DAILY SCIENCE

New Battery Soaks Up Carbon Dioxide

A new lithium-based battery runs on CO2 taken directly from a power plant—a clever way to produce energy while cutting emissions.
October 4, 2018

Researchers at MIT have made a new lithium-based battery that runs on carbon dioxide taken directly from a power plant. Their proof-of-concept battery, reported in the journal Joule, is a clever way to produce energy while cutting carbon dioxide emissions.

As the world continues to burn coal and natural gas for electricity, much research effort has been directed at ways to capture carbon dioxide from the smokestacks. The gas can be compressed and injected underground or in ocean beds.
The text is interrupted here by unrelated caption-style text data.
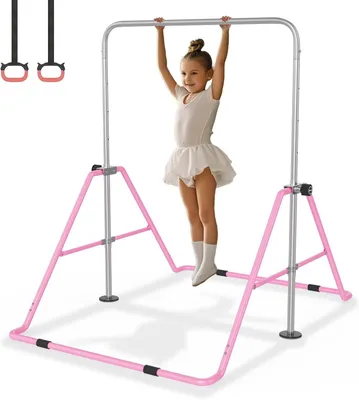 Zdjęcie produktu dla Kinder Rekstang - Poręcze gimnastyczne do użytku domowego - Trening gimnastyczny - Regulowana wysokość - 91-133 cm - Różowy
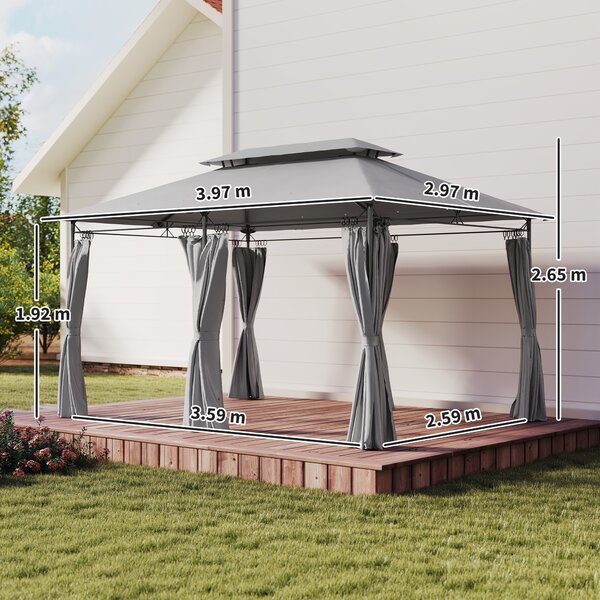 Outsunny Gazebo da Giardino 3x4 m con Tende Rimovibili, Doppio Tetto e Struttura in Metallo, Grigio | Aosom Italy
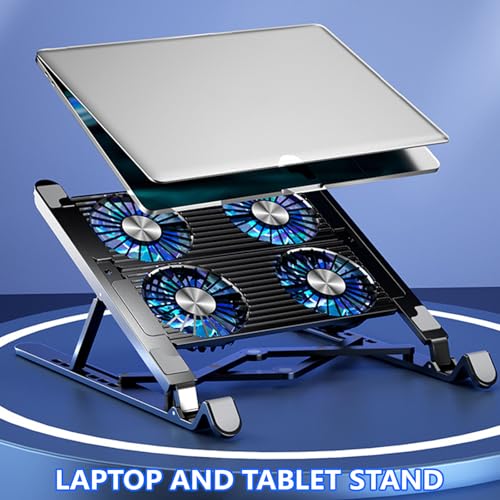 Laptop Cooling Pad LED Gaming Laptop Coolers Quiet Cooling Fan Folding Bracket for Laptop Height Stand - style: BK-C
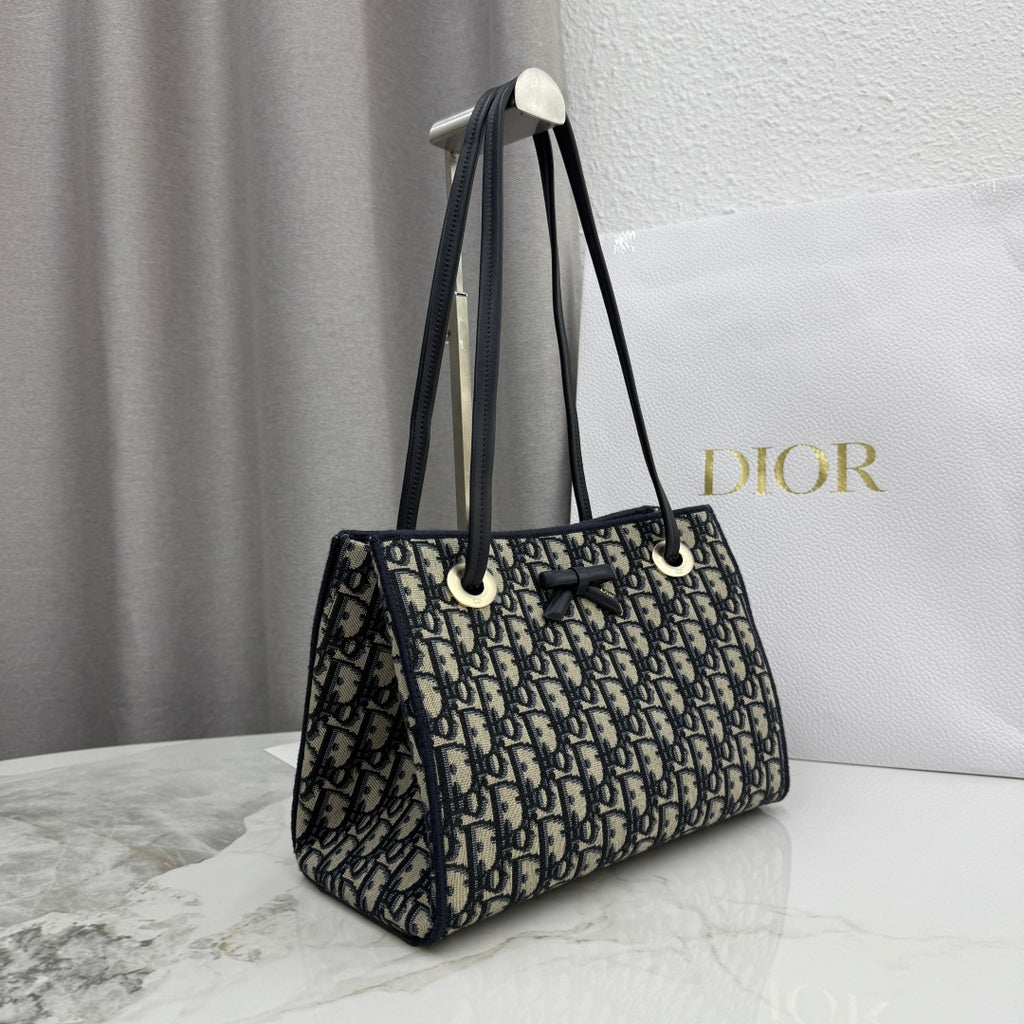 Dior Blue Oblique Jacquard Small Tote Bag with Bow Detail
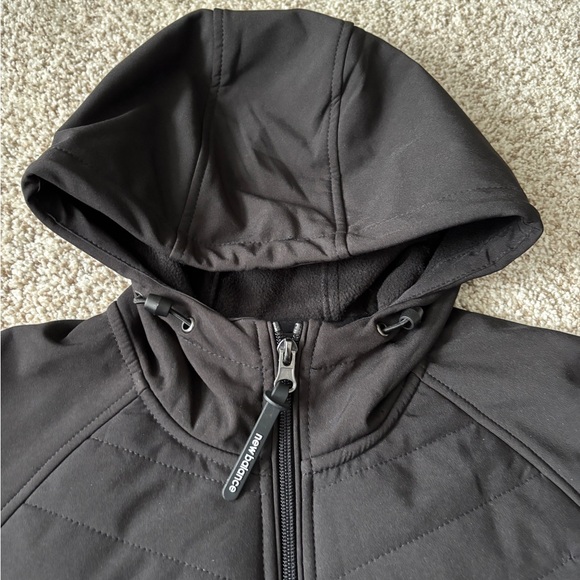 New Balance Hooded Jacket Womens Medium Black Full Zip Pockets Fleece Lined - Picture 10 of 12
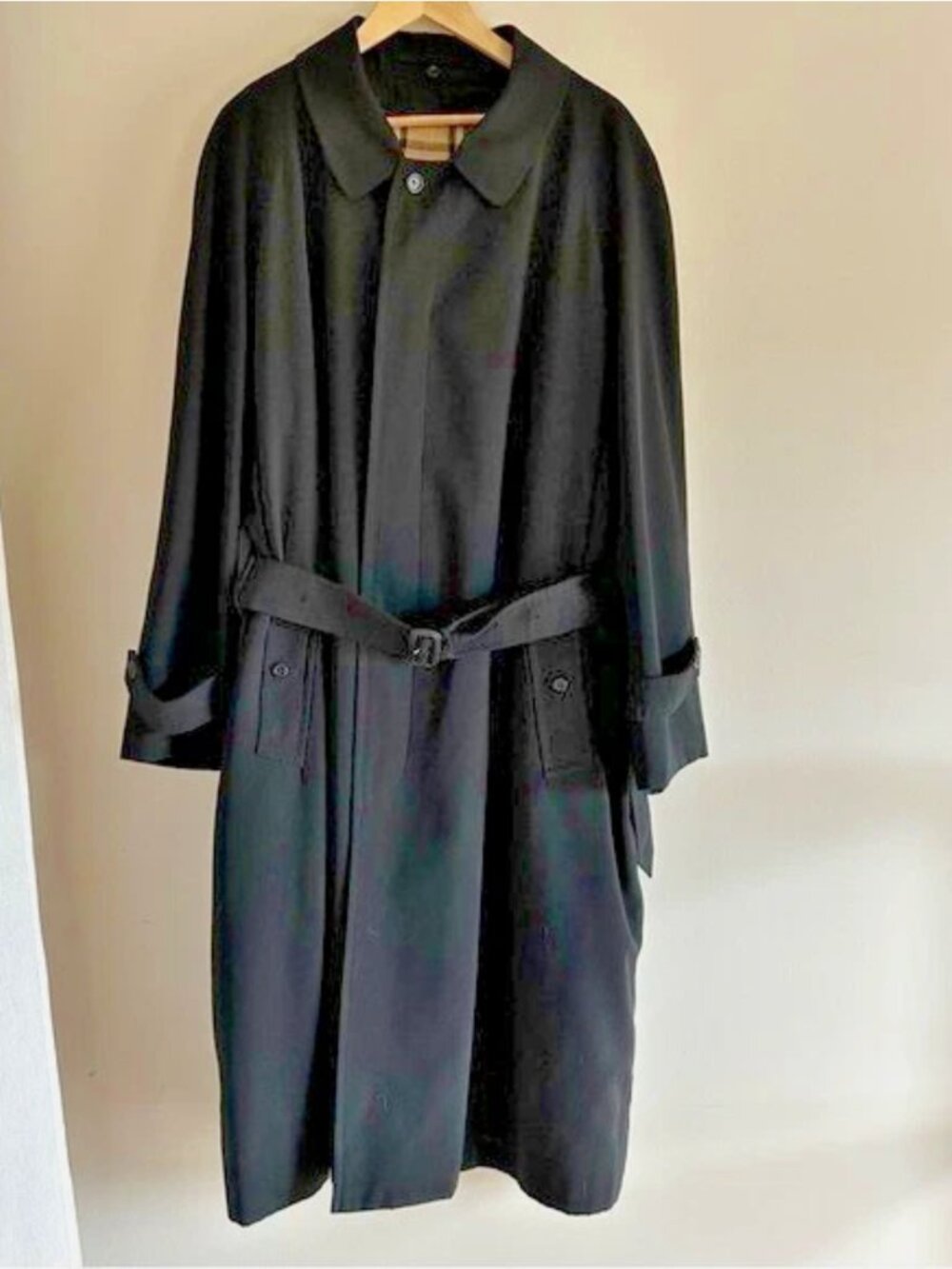 Burberry Lawrence Trench Coat Black With Removable Wool Liner Cotton Size 46R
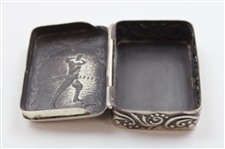 Vintage Sterling Silver 925 Golf Themed Vesta/Stamp Case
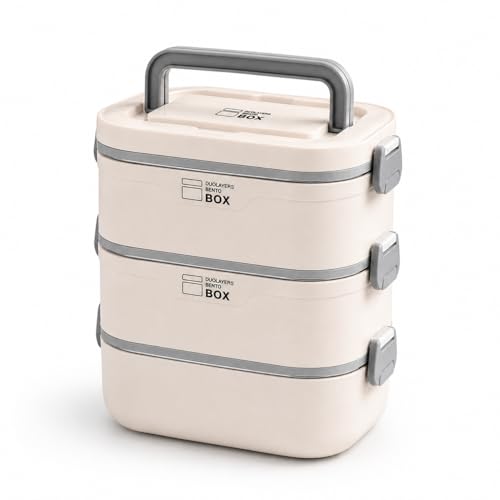 Image of YELONA Stainless Steel Double-Layer Bento Box for Office & School - Leak-Proof Insulated Lunch Container with Hot Water Heating Feature - 2400ML, Cream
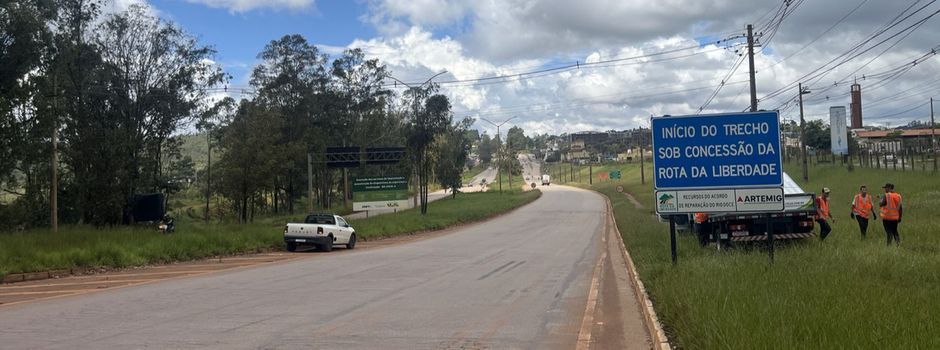 Rota da Liberdade mantém obras na BR-356 e na MG-262 entre hoje e sexta-feira
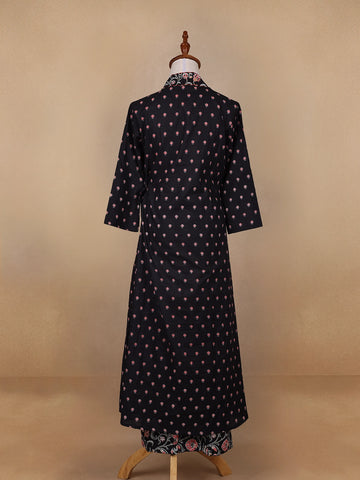 Black Floral Designed Cotton Salwar Suit - Diadem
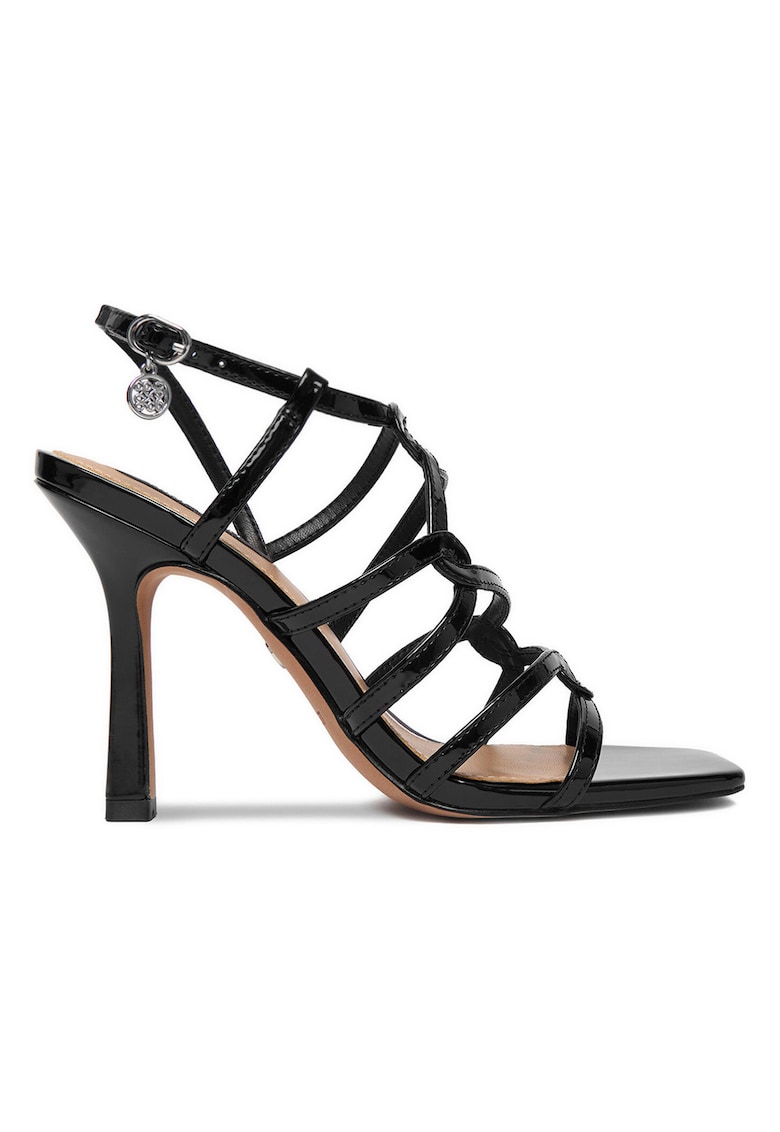 Sandale dama stiletto - negru - piele ecologica
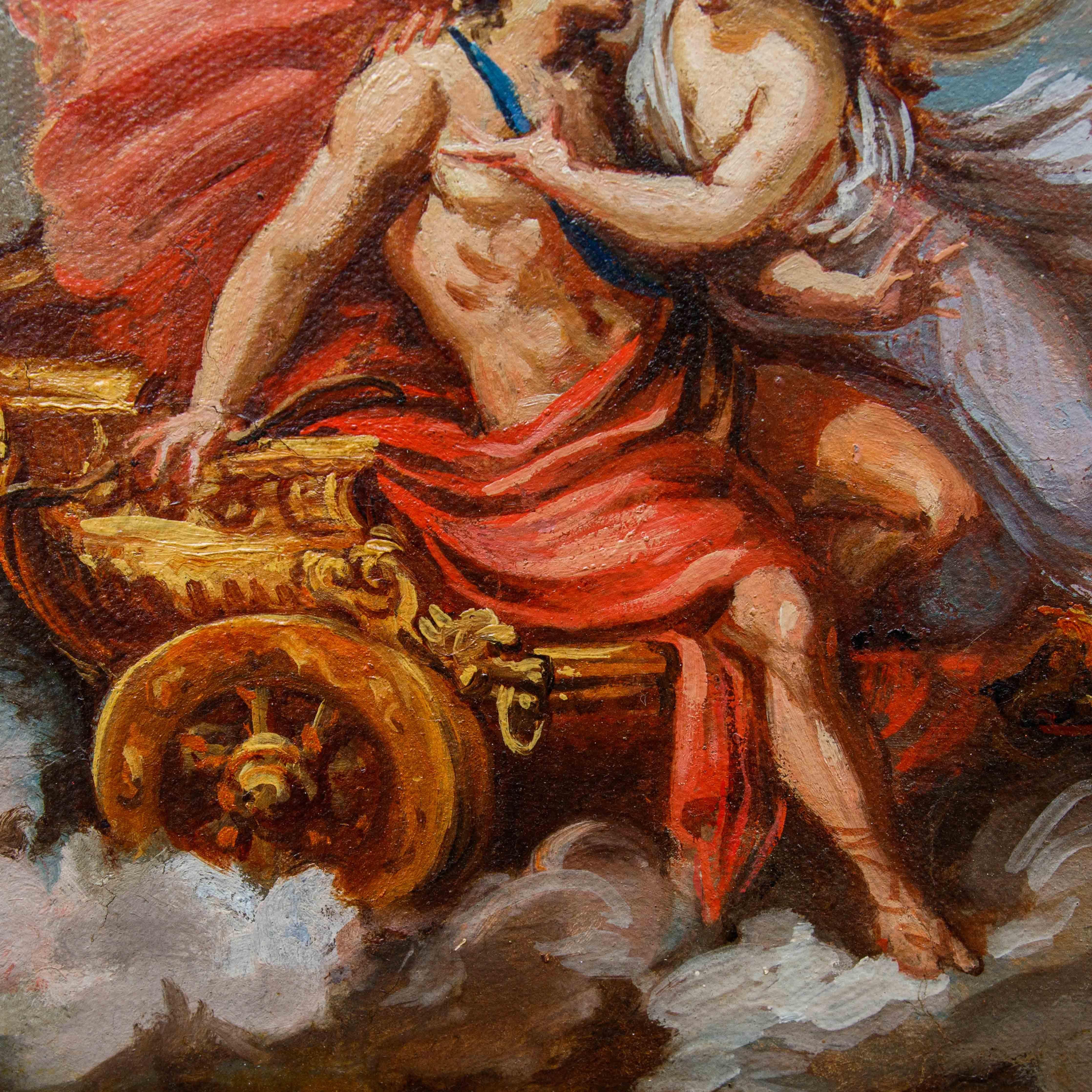 Scène mythologique Huile sur papier appliquée sur toile cercle de S. Ricci en vente 10
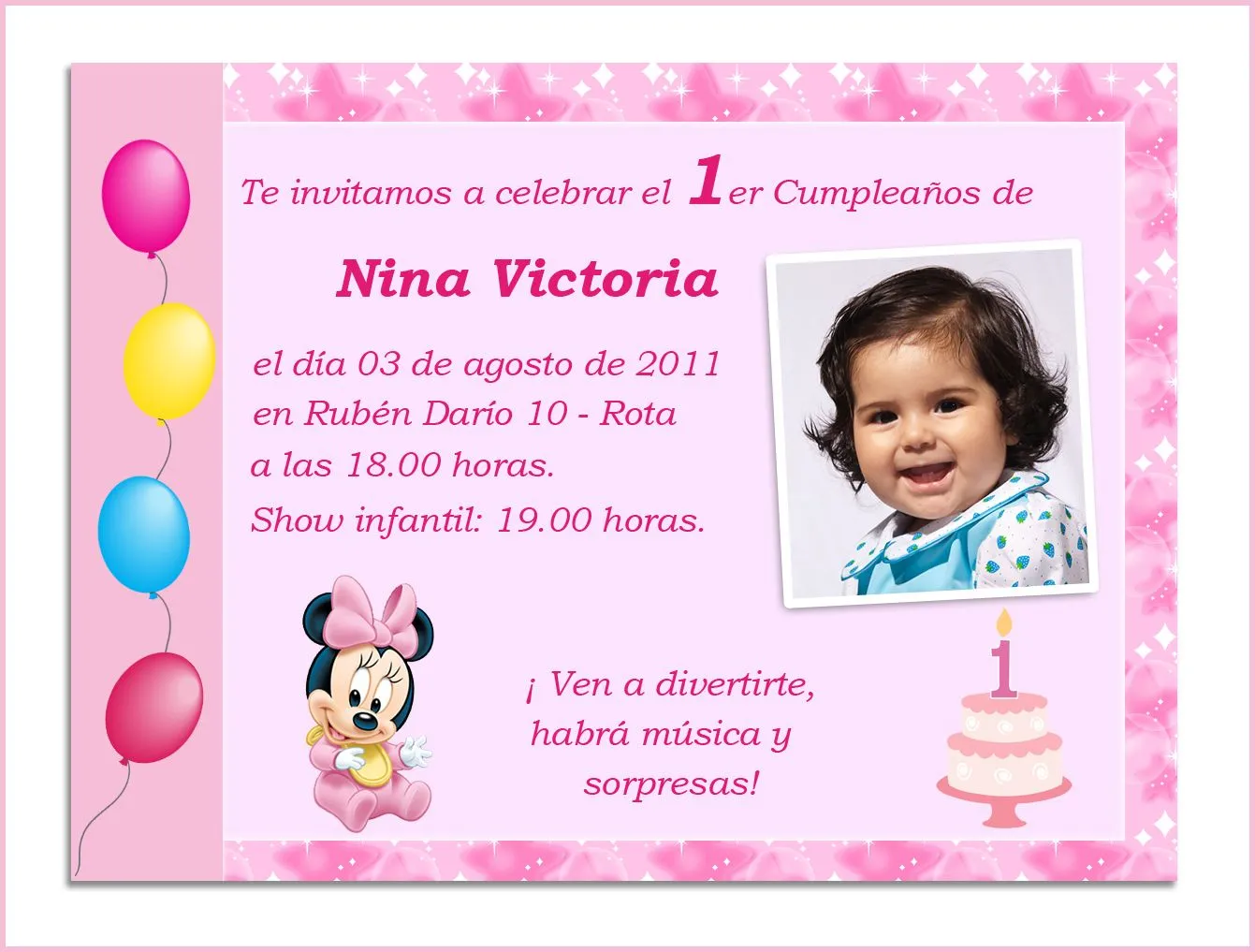 Baby Nina Fiestas: El Primer añito de Nina!!!! fiesta Minnie bebe.
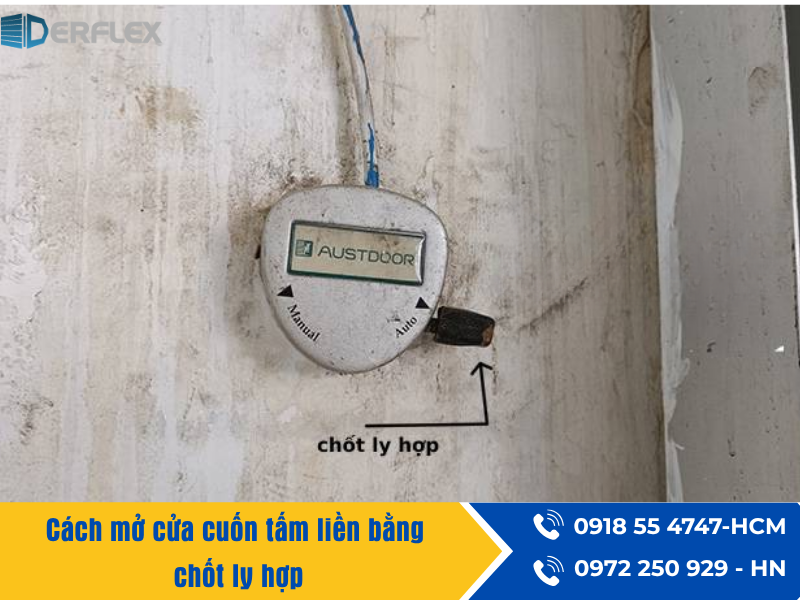 Cách mở cửa cuốn tấm liền bằng chốt ly hợp Cách mở cửa cuốn tấm liền bằng chốt ly hợp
Researchers are also trying to turn the greenhouse gas into concrete, chemicals, fuels and other products.

The problem with carbon capture is that it is energy-intensive and expensive. The process uses chemicals such as amines to absorb carbon dioxide from exhaust gas. Then the amine has to be separated so that it can be reused and the carbon dioxide can be buried or processed further. All of this consumes energy. Power plants equipped with carbon capture systems generally use up to 30 percent of the electricity they generate just to power the capture, release, and storage of carbon dioxide.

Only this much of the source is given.